Siehst du, das ist der Grund, warum du deine Schwärmerei für ihn am besten im Keim erstickst, sagte Alice sich streng. Sie schenkte ihm Modeschmuck, dabei konnte er sich jederzeit beim teuersten Juwelier die besten Stücke leisten. Sie lebten nun mal in völlig verschiedenen Welten, und je eher sie die Konsequenzen daraus zog, desto besser.
Für sie zumindest.
Ihm war es sicher völlig egal, was sie für ihn empfand, solange sie ihre Arbeit gut erledigte.
Kurz überlegte sie, ob sie ihm das zweite Geschenk überhaupt geben solle. Dann bemerkte sie, dass er ihre Manschettenknöpfe aufrichtig bewunderte.
„Die gefallen mir wirklich. Sie sind etwas ganz Besonderes“, lobte er.

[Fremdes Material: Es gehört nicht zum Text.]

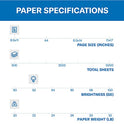 Hammermill Papel A4, 210 mm x 297 mm, 1 resma (500 hojas), 92 brillantes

„Dann könnte dir das hier auch zusagen“, meinte sie und reichte ihm die schwarze Tragetüte, auf der in goldenen Buchstaben „Coreens Couture Cabinett“ stand. Skeptisch schaute er hinein.

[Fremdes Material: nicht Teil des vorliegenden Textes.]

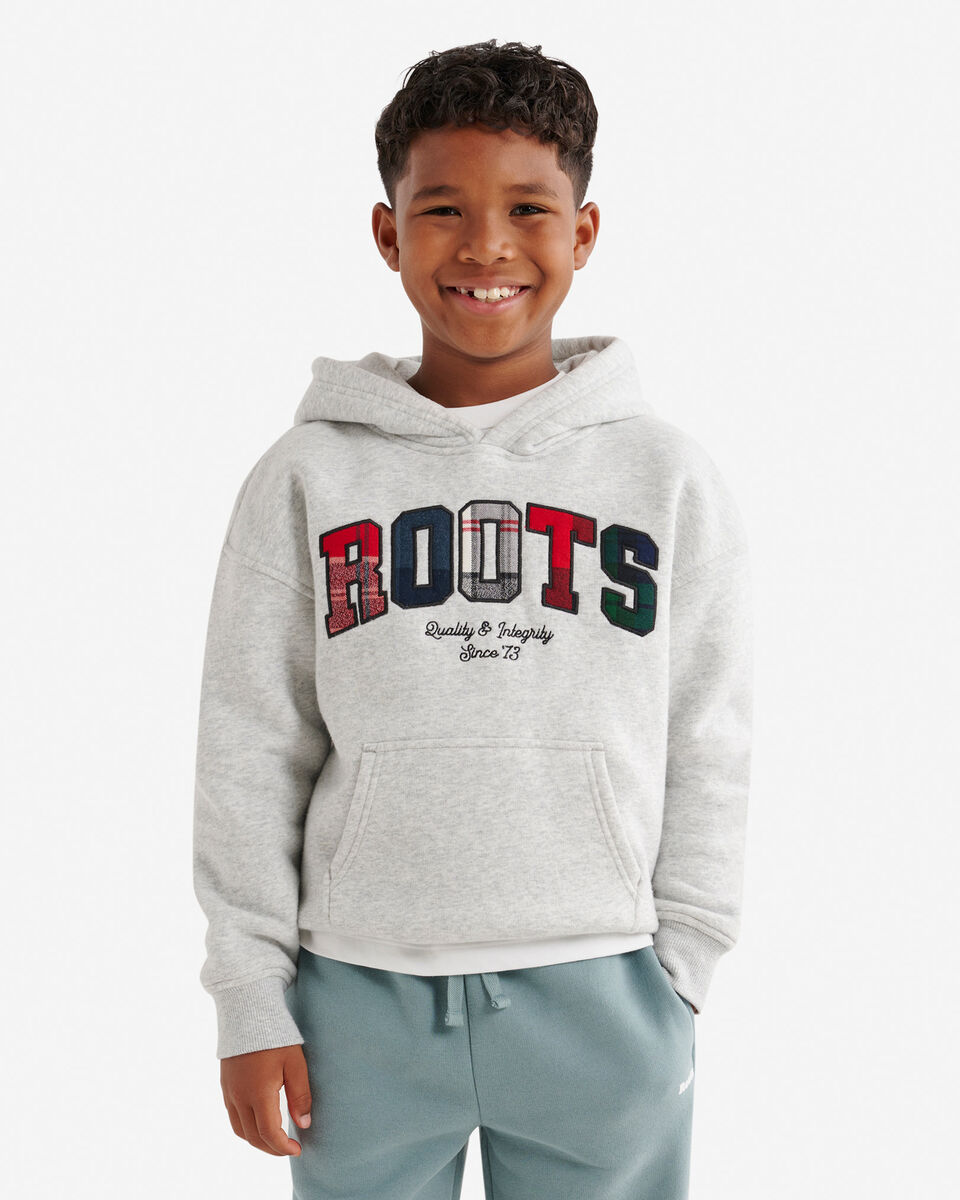 Kids Plaid Applique Hoodie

„Eine Krawatte!“, bemerkte Cameron erleichtert.
Für ein abgelegtes Stück sah sie gar nicht übel aus: grüne Seide, so dunkel, dass sie beinah schwarz wirkte. Sie würde hervorragend zu dem anthrazitgrauen Anzug passen, den er beim Ball zu tragen beabsichtigte.
„Danke, Alice!“, sagte er herzlich. „Ich passe gut darauf auf und gebe sie dir nach dem Ball zurück.“
Errötend schüttelte sie den Kopf. „Manschettenknöpfe und Schlips wollte ich dir schenken.“
Nun wusste er nicht, was er sagen sollte. Gefühle auszudrücken war nicht sein Ding. In den vergangenen Jahren hatte er von Frauen wesentlich kostspieligere Geschenke als diese hier erhalten, aber keine, die mit so viel Feingefühl ausgesucht worden waren. Die so gut zu ihm passten.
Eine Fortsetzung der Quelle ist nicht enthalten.